The inward life tells us that we are multiple not single, and that our one existence is really countless existences holding hands like those cut-out paper dolls, but unlike the dolls never coming to an end. When we say, 'I have been here before,' perhaps we mean, 'I am here now,' but in another life, another time, doing something else. Our lives could be stacked together like plates on a waiter's hand. Only the top one is showing, but the rest are there and by mistake we discover them.
Escape from what? The present? Yes, from this foreground that blinds me to whatever may be happening in the distance. If I have a spirit, a soul, any name will do, then it won't be single, it will be multiple. Its dimension will not be one of confinement but one of space. It may inhabit numerous changing decaying bodies in the future and in the past.
Poisoned or not, the mercury has made me think like this. Drop it and it shivers in clones of itself all over the floor, but you can scoop it up again and there won't be any seams or shatter marks. It's one life or countless lives depending on what you want.
The future and the present and the past exist only in our minds, and from a distance the borders of each shrink and fade like the borders of hostile countries seen from a floating city in the sky. The river runs from one country to another without stopping. And even the most solid of things and the most real, the best-loved and the well-known, are only hand-shadows on the wall. Empty space and points of light.
--Jeanette Winterson, Sexing the Cherry
As you can gather from the quotes above, in a novel brimming with mythology, fairy tale, history, and metaphysics, (in a year that I want to spend quite a bit of time on mythology), I was most taken by the metaphysics.

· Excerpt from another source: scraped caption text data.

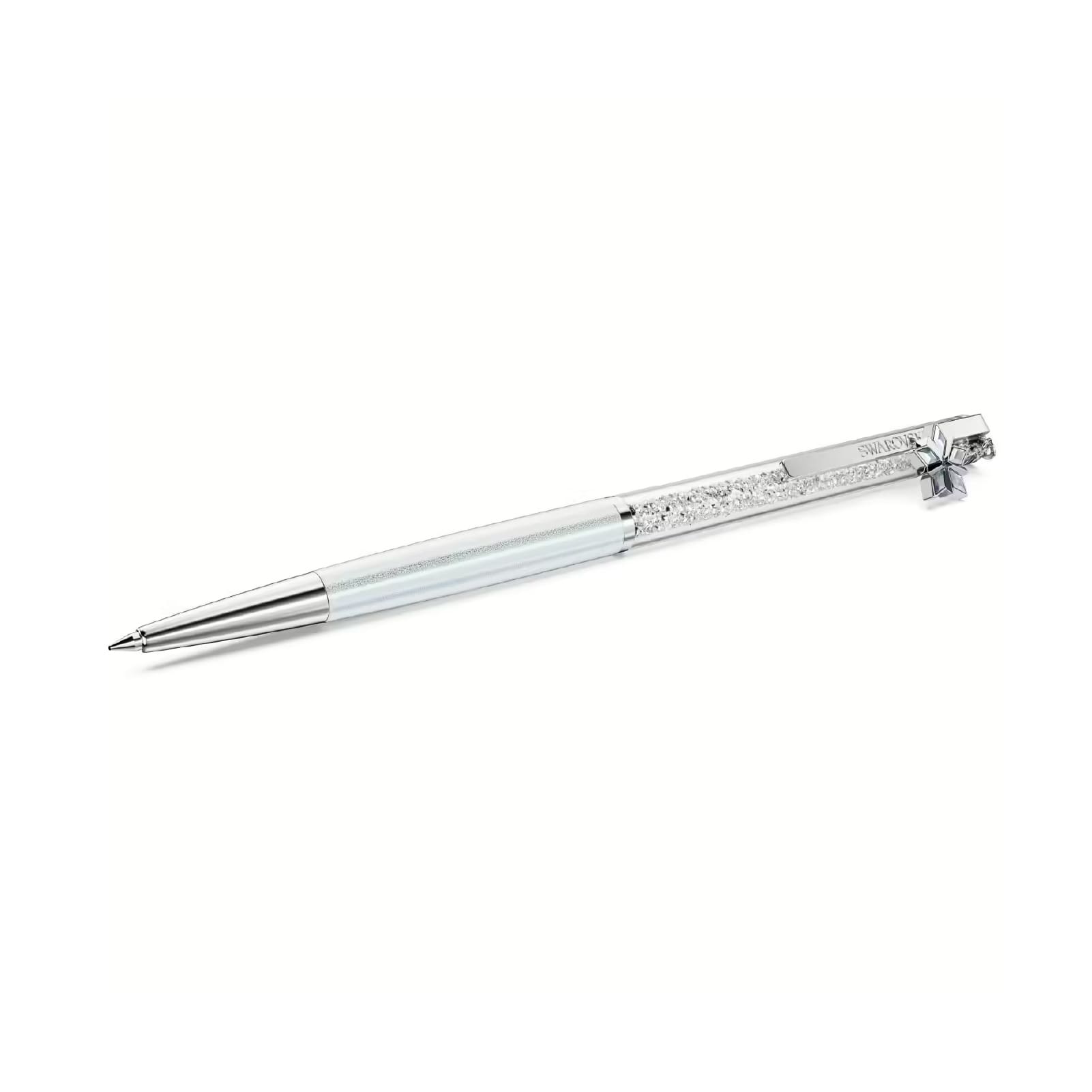 Penna sfera Swarovski Crystalline laccata cristalli bianchi MISURA UNICA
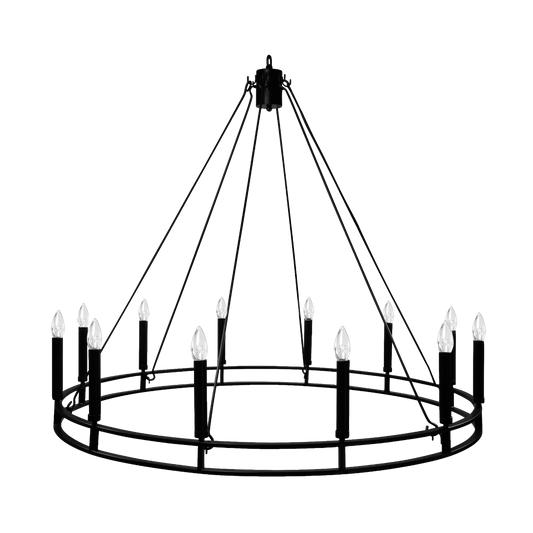 Cara Ring Chandelier | IP66 Pressure Wash Deluge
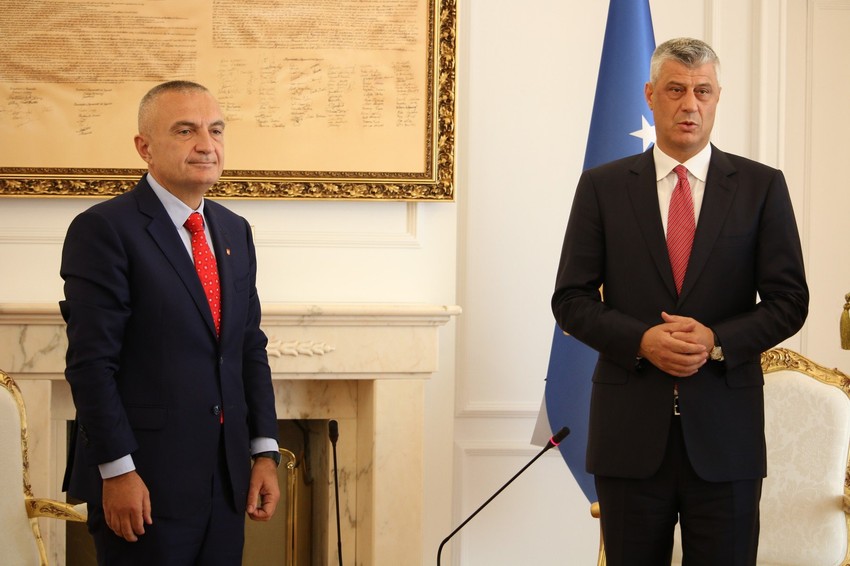 Hašim Tači sa albanskim predsednikom Ilir Metom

The earthy giantess Dog Woman, who raised dogs for fighting in 17th century London and did not hesitate to kill hypocritical Puritans who crossed her path, often appalled me; her dreamy foundling son Jordan, a fantasist who sailed the world, did not.
But are the Dog Woman and Jordan of the 17th century the same characters as the ones who show up in present day London at the end of the book, the pretty young chemist camped in protest by the side of a poisoned river and the Nicolas Jordan who joins her there? Have souls transmigrated across the centuries or has one of the characters merely engaged in "rich imaginings"?
I'd prefer the transmigration. Unfortunately, there was something about Sexing the Cherry that made me feel like Eustace Scrubb who'd read the wrong books for the adventure at hand. How can I sprinkle the coal-dust over the milky invisible ink in Winterson if I've never read Orlando, or Angela Carter? I wondered early on if the entire book was supposed to be a celebration of the transportive powers of the imagination, but too often I found the commingling of the different genres more off-putting than engaging. For a short book, I checked to see how many pages remained way too often.
I'm looking forward to discussing this one much more than attempting to write about it.